Alternatives to Providing Evidence of Recruitment Efforts

Instead of providing evidence of recruitment efforts, employers would also be able to provide:
  • Research into labour market trends
  • Letters of support from government agencies
For occupations known to be in short supply in Australia or in a particular region, this may well be the best way to meet the new requirement.

Exemptions to Labour Market Testing

Where there has been a recent major disaster, employers can be exempted from the labour market testing requirement.

Apart from this, the legislation allows for most occupations to be exempted from labour market testing. In particular, the following types of occupations can be exempted by being listed on a legislative instrument:

  • Professionals and Managers: Occupations requiring a bachelor degree or 5 years of work experience would be exempt by default
  • Associate Professionals: Occupations requiring a diploma or 3 years of work experience would be exempt by default

The Minister has indicated that most professional and management positions will be exempted. The Bill also helpfully mentions that the legislative instrument can be disallowed by Parliament - the result of this is that no occupations would be exempt and so all occupations would require labour market testing!

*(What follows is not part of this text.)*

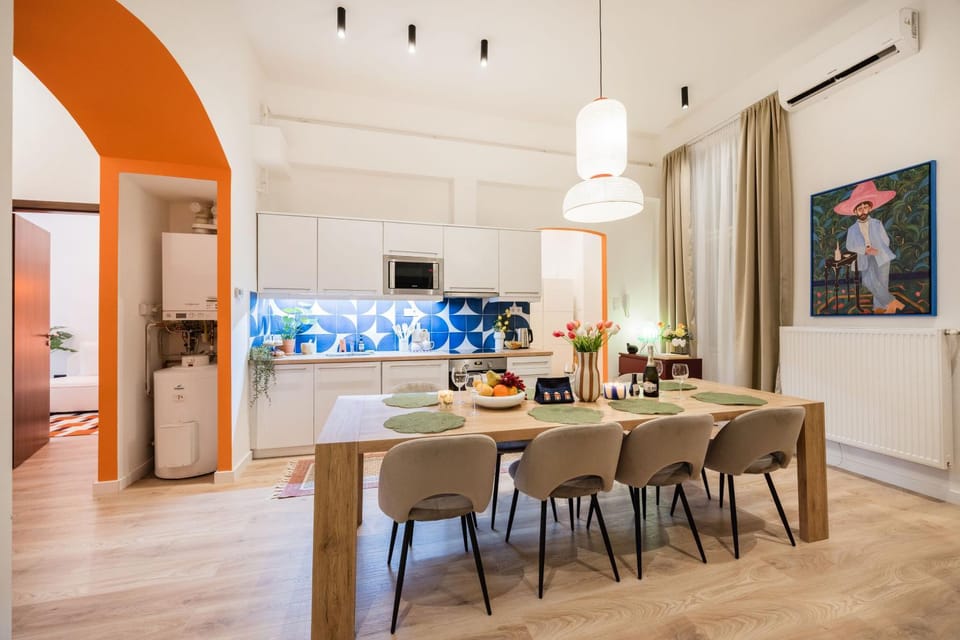 Artful 3BR Home by Danube River & Market Hall Apartment in Budapest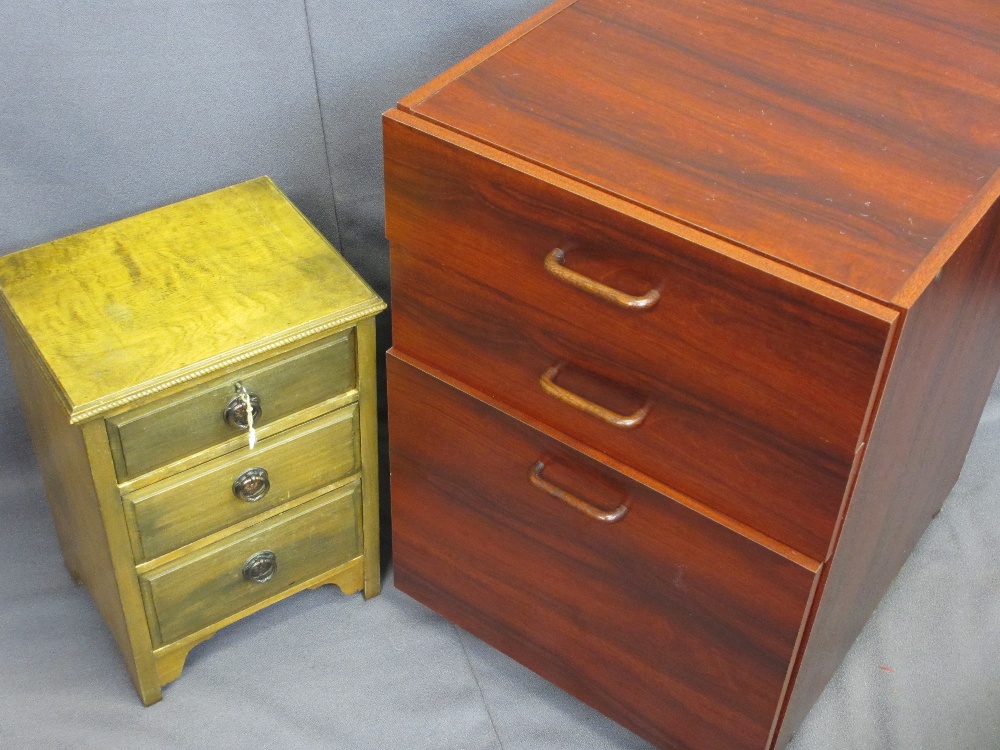 MIXED FURNITURE PARCEL comprising teak nest of five tables, modern nest of three, small foldover - Image 5 of 6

There is no capacity to exempt trade and technician occupations from labour market testing, even by legislative instrument. These occupations require completion of an apprenticeship or Certificate IV, and would require labour market evidence, except for instances of major disasters.

Conclusion

If the Migration Amendment (Temporary Sponsored Visas) Bill 2013 is enacted, the new labour market testing requirements will have a significant impact on employers using the 457 program. In particular:
  • Employers sponsoring trade and technician occupations will need to provide labour market evidence in most cases
  • Most professional and management occupations should be exempt, but will require them to be explicitly listed in a legislative instrument as being exempt.
  • Where labour market testing is required, this could add weeks or months to the time taken to obtain the necessary 457 visa. It may also require additional recruitment expense and administrative overhead for the process

Perhaps the best way to deal with the new requirement would be to ensure that solid evidence of labour market conditions can be shown to avoid the need for advertising positions.